Les scénarios catastrophes

Le scénario de l’indépendance est défendu par des groupuscules, à l’instar du Mouvement pour l’Indépendance de La Réunion. Mais il ne peut être réalisé qu’à la suite d’un scrutin d’autodétermination des Réunionnais prévu par l’article 53 de la Constitution du 4 octobre 1958. Ce scénario apocalyptique — scénario Frankenstein au sens où l’entend notre éminent collègue Mathieu Maisonneuve — serait rejeté par les Réunionnais qui ne veulent surtout pas jouer à la roulette russe.
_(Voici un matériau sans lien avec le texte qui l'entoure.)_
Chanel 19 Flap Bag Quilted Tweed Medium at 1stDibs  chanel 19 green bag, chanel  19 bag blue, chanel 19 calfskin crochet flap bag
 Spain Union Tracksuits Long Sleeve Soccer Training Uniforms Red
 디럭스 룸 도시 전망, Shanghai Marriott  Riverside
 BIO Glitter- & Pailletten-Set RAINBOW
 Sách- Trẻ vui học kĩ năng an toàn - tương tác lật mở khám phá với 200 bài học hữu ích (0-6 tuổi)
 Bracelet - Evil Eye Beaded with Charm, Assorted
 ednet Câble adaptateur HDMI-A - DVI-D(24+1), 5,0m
Plus soft, le scénario de l’autonomie consiste à faire passer La Réunion du statut de DOM, soumis au principe de l’identité législative en vertu de l’article 73 de la Constitution, à celui de collectivité d’outre-mer dotée de l’autonomie et assujettie au principe de la spécificité législative en vertu de son article 74. Par la voie référendaire, La Réunion pourrait alors être amenée à se prononcer sur un régime voisin de celui attribué en 2004 à la Polynésie française.

Certes, ce statut reconnaît un droit à la « préférence régionale » en matière d’emploi. Mais il implique la remise en cause de la plupart des acquis sociaux découlant de la départementalisation ainsi que la perte du statut de région ultrapériphérique de l’Union européenne. Comme l’ont déjà fait les Guyanais et les Martiniquais par des consultations populaires en 2010, les Réunionnais rejetteraient également un tel statut qui est en fait l’antichambre de l’indépendance.

Le scénario de l’inertie statutaire consiste enfin à ne rien faire au motif que la crise que connaît La Réunion est passagère et que tout devrait spontanément rentrer dans l’ordre dans quelques années. Mais ne rien faire au plan institutionnel alors que la situation s’aggrave, c’est programmer l’implosion de La Réunion. Voici peut-être le pire des scénarios catastrophes.

Les scénarios acceptables

Proposé par Didier Robert, le premier des scénario acceptables vise à renforcer les pouvoirs des collectivités territoriales existantes. Certes, le Président UMP du conseil régional de La Réunion ne remet pas en cause l’architecture statutaire qui remonte à la loi de décentralisation du 31 décembre 1982.

Favorable au maintien de la région et du département, il souhaite néanmoins des pouvoirs accrus pour ces collectivités et des moyens financiers correspondants. Voici son crédo : « Le statu quo me convient, avec un conseil régional et un conseil général, mais ce qu’il faut revoir, c’est le niveau de compétences des uns et des autres ».

Ce scénario est en phase avec l’actualité au moment où le Gouvernement socialiste de Jean-Marc Ayrault envisage une décentralisation adaptée pour les collectivités territoriales avec un réaménagement des compétences dévolues aux conseils régionaux et aux conseils généraux dont l’existence n’est pas remise en cause.

Le second scénario acceptable vise à remplacer la région et le département de La Réunion par une entité unique soumise au principe de l’identité législative applicable dans les DOM en vertu de l’article 73 de la Constitution mais cumulant les compétences des départements et des régions d’outre-mer. Ce scénario peut être amélioré par la suppression de l’alinéa 5 de l’article 73 qui empêche La Réunion de disposer d’un pouvoir législatif et règlementaire par habilitation du Parlement ou du Gouvernement.